Разве, когда возопил я, кто-то услышал меня

из ангельских хоров летящих? Но даже если бы

кто-то из ангелов к сердцу меня внезапно приблизил –

я бы мгновенно истаял, так бытие его мощно…

(Первая элегия)

Однако когда спрашиваешь, благодаря чему это «более мощное бытие» позволяет человеческому не только гибнуть, но и испытывать адские ужасы, то тем самым касаешься третьего принципа «Элегий» наряду с принципами ангельского и земного. К нему приходишь, двигаясь вдоль земного до того пункта, где индивидуальное переживание сливается с переживаниями тех поколений, в которых бесконечность следующих друг за другом существ всё глубже и глубже укоренено в праосновном, в бездонном. Ничего не подозревая, стоял Одиночка возле

души своей чащи, любя в себе лес первобытный,

где в центре безмолвной, стремглав катящейся жизни

ярко-зеленое солнце лучилось…

Любя, погружался в свою древнейшую кровь он,

в пещеры, где чудища живы по сей день,

что предков его пожирали когда-то.

И каждый из ужасов тех его узнавал и подмигивал,

словно был в сговоре тайном. О: кошмар улыбался…

(Третья элегия)

Таким образом физическое – вот последнее слово для ужаса, для кошмарного; из крови, которая издревле вечно сбивает нас с ног, дьявольски улыбается Ужасное, уже даже не угрожающе, но из глубины веселья и иронии победительного бытия.

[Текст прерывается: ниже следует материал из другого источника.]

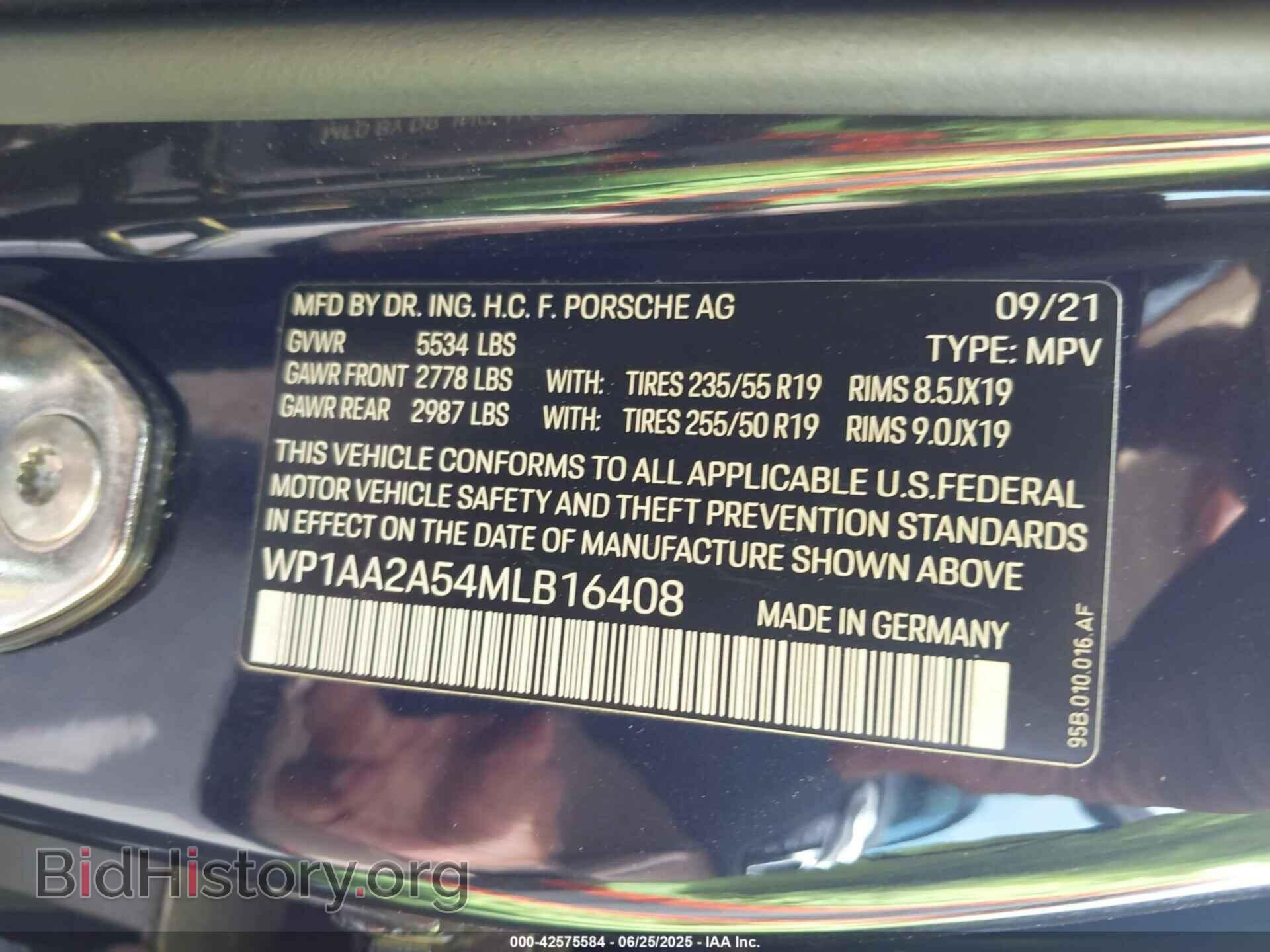 2021 PORSCHE MACAN - VIN: WP1AA2A54MLB16408 - Фото 9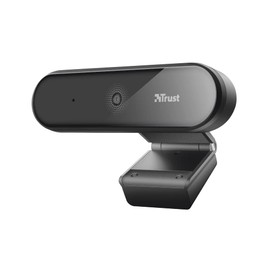 Trust Tyro Webcam con Microfono PC Full HD 1080p (USB, Enfoque Automático, Videollamadas, Grabación, Conferencias, Skype, Hangouts, Teams, Zoom) Negro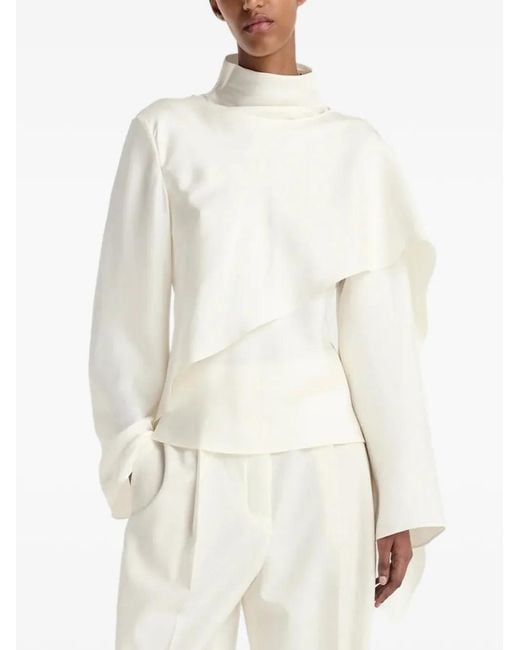 Rohe White Foulard-Detail Silk Blouse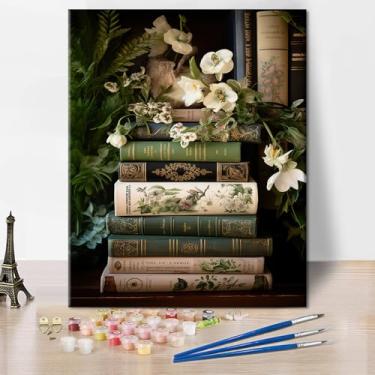 Imagem de TUMOVO Kit de pintura de natureza morta vintage com flores e livros 40,6 x 50,8 cm, pintura em tela DIY para adultos iniciantes com tintas acrílicas e pincéis para decoração de casa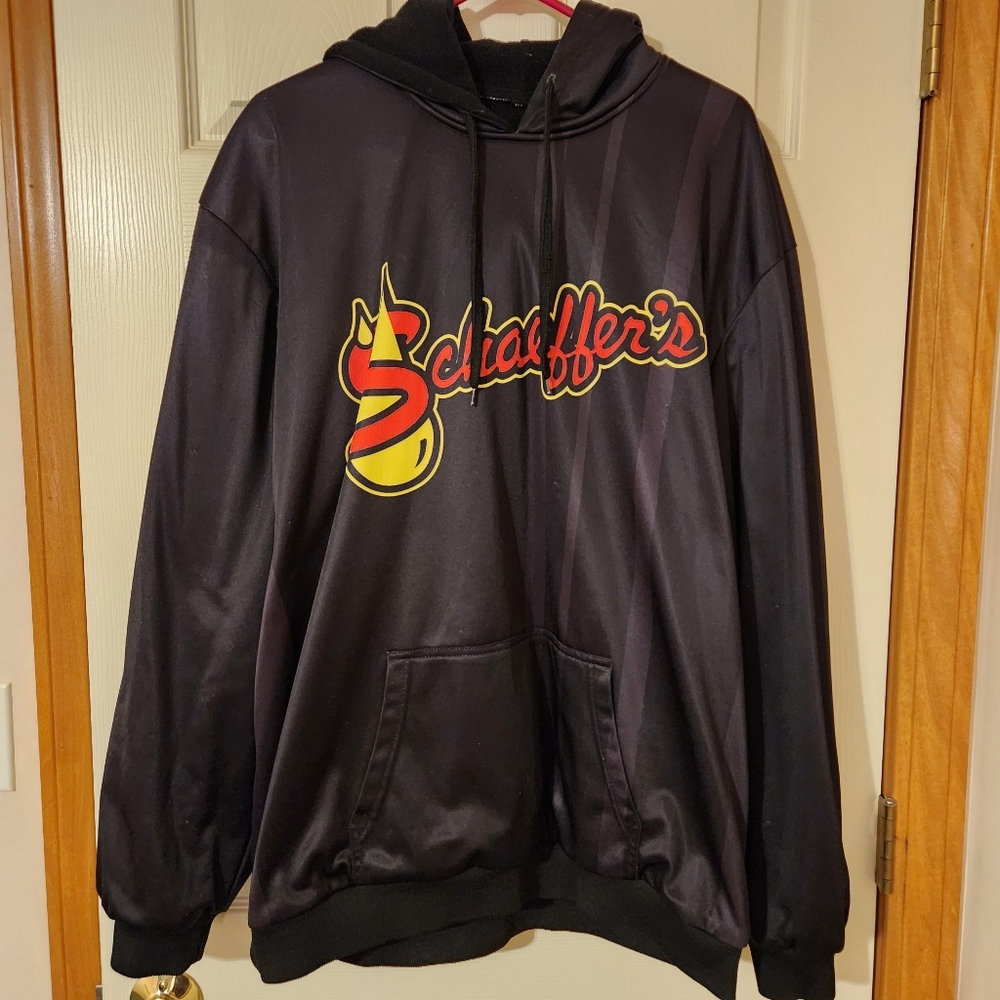 Schaeffer's Oil Men's Hoodie Sweatshirt Size XL Black Front/Back Graphic Heavy
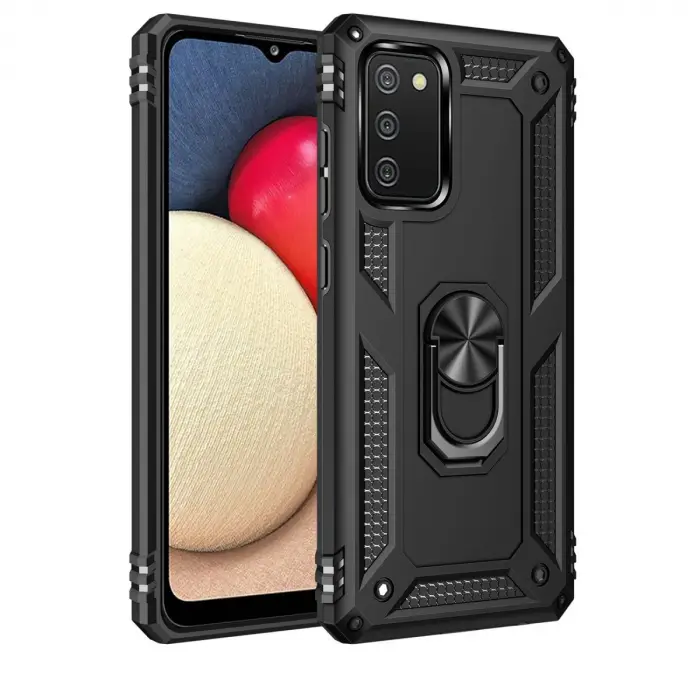 Galaxy A02S Kılıf Sofya Yüzüklü Silikon Kapak - Siyah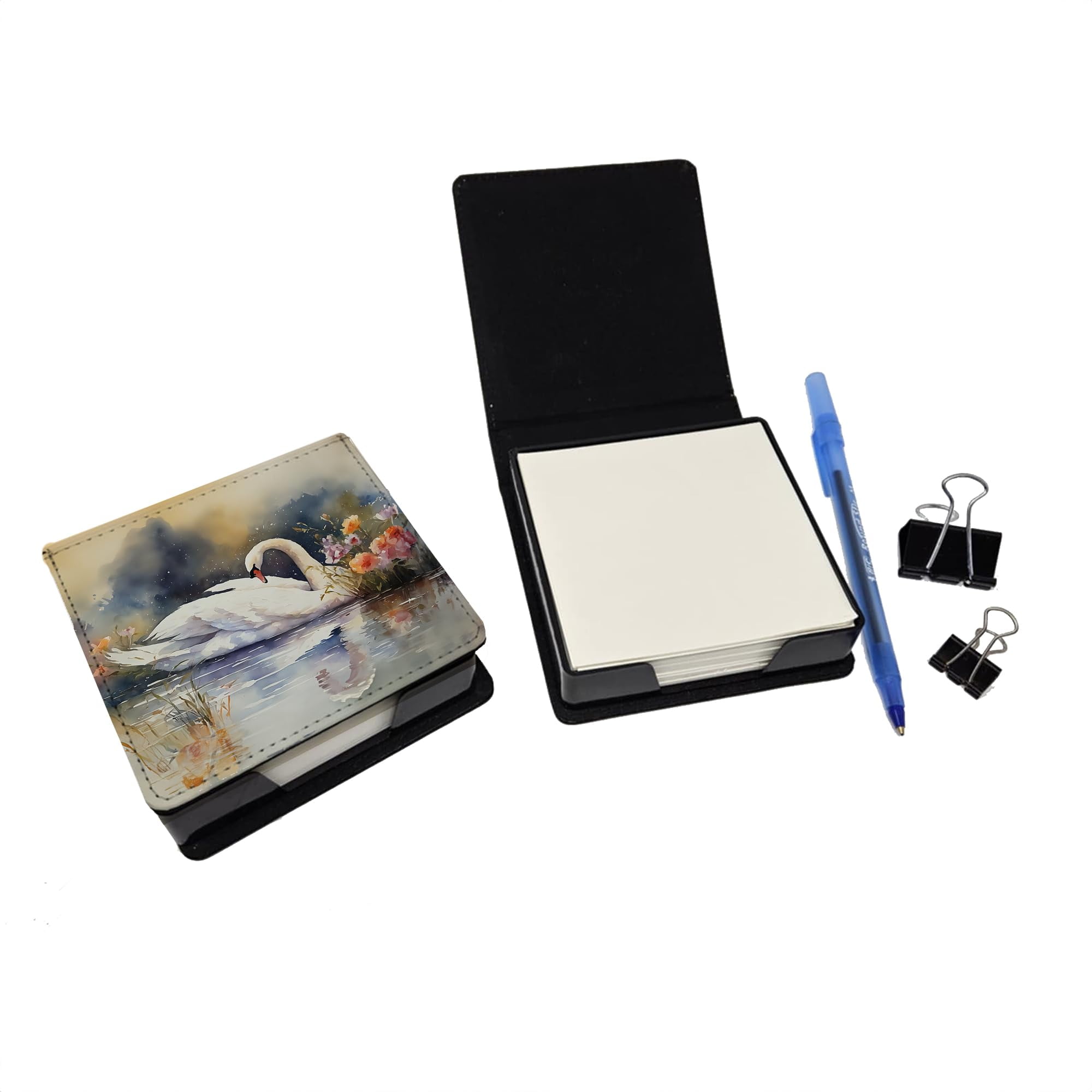 Caroline's Treasures Swan PU Leather Note Paper Holder with Artist-Designed Cover, Desk Accessory, Office Gift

Проекция в противостоящую ангелам таинственность, в супротив им ужасное – это месть за ту могучую густоту, телесную воплощенность, присутственность, которые ангелами, со своей стороны, впитывались сверх художественно созданного. Это похоже на то, как даже фрагменты абсолютно индивидуального переживания и опыта, если они оторваны от бездонных глубин, все же гибнут, ибо сам смысл их развития уходит от них, позволяя им утонуть в бездонности, превращаясь для зрения в чистую кажимость, распыляясь в иллюзию. То и дело, с тех пор как «Элегии» вошли в Рильке, подобные опасения пробуждались в нем. Во второй раз (однажды в 1914 году он уже писал мне об этом из Парижа) он выразил это в том смысле, что порой видит себя «словно бы в музейной витрине. Стекло отражает, и я вижу в нем лишь свое лицо, прежнее, более раннее, позапрошлое – то, которое ты так хорошо знаешь». Потом ему показалось, что прошлое и будущее сходятся в некой тонкой линии, не оставляющей ни малейшего зазора для настоящего, в линии призрачности, лгущей, что еще что-то может произойти или произошло. Потом в сердце Рильке проникал ужас, подобный ужасу, преследовавшему его в послевоенной Венеции, поскольку там, посреди отрицания всего промежуточного, его предвоенное жительство казалось ему призрачно-насмешливым отражением.